Vegan sausage is a fun protein source that provides plenty of flavor and spice to a meal. The bold taste of Tofurky or Field Roast sausage provides a perfect foil for fresh greens. I prefer these brands to other kinds of faux sausage, because they’re made with tofu and seitan rather then textured soy protein. Serve this hearty dish with a simple grain or noodles, and a colorful salad. Photos by Evan Atlas.
- 1½ tablespoons olive oil
- 8 ounces seitan, cut into small bite-sized chunks
- 2 Tofurky or Field Roast vegan sausage links, any variety, cut into ¼-inch slices
- 4 to 5 garlic cloves, minced
- 1 good-size bunch chard or kale (10 to 12 ounces - especially good with green chard or lacinato kale)
- ¼ cup white wine or water
- 3 to 5 ounces baby spinach
- Salt and freshly ground pepper to taste
- Dried hot red pepper flakes to taste
- Heat the oil in a wide skillet or stir-fry pan. Add the seitan and sausage and sauté over medium-low heat until golden-brown on most sides, stirring frequently.

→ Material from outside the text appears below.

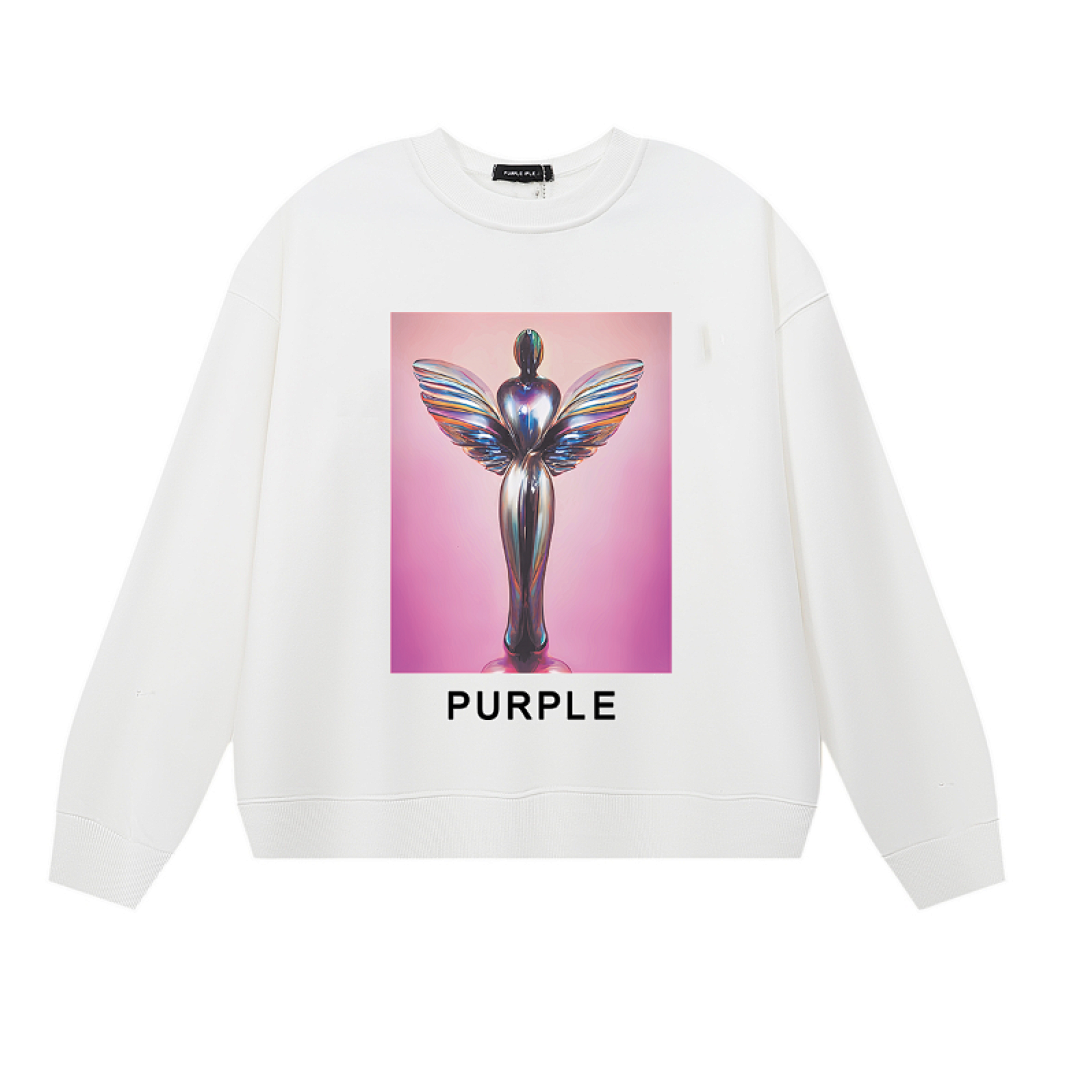 Purple Brand Long Sleeve —# White angle 1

- Stir in the garlic and continue to sauté until golden, stirring frequently.
- Meanwhile, trim the stems and midribs from the greens, rinse well, and chop. Add the greens and wine to the skillet (if using kale, add water as needed to keep the skillet moist).
- Cover and cook 5 to 7 minutes for the chard and 6 to 8 minutes for the kale, or until the greens are cooked to your liking. Stir occasionally and don't overcook!
- Add the spinach, cover, and cook briefly until wilted, then uncover and cook for another minute or so. Season with salt, pepper, and red pepper flakes, then serve.